WHAT YOU WILL DO
Please give back word for word the lines of the material below between the line containing "Burcu Kara bir taşla iki kuş vurdu" and the line containing "Port Plaza Evn", inclusive.

MATERIAL PROVIDED
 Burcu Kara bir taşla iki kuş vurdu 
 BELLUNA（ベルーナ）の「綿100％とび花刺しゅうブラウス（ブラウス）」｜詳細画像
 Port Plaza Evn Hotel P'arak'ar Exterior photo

...

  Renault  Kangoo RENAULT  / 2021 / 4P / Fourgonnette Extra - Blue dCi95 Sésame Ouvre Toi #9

RESULT FOR THIS EXERCISE
 Burcu Kara bir taşla iki kuş vurdu 
 BELLUNA（ベルーナ）の「綿100％とび花刺しゅうブラウス（ブラウス）」｜詳細画像
 Port Plaza Evn Hotel P'arak'ar Exterior photo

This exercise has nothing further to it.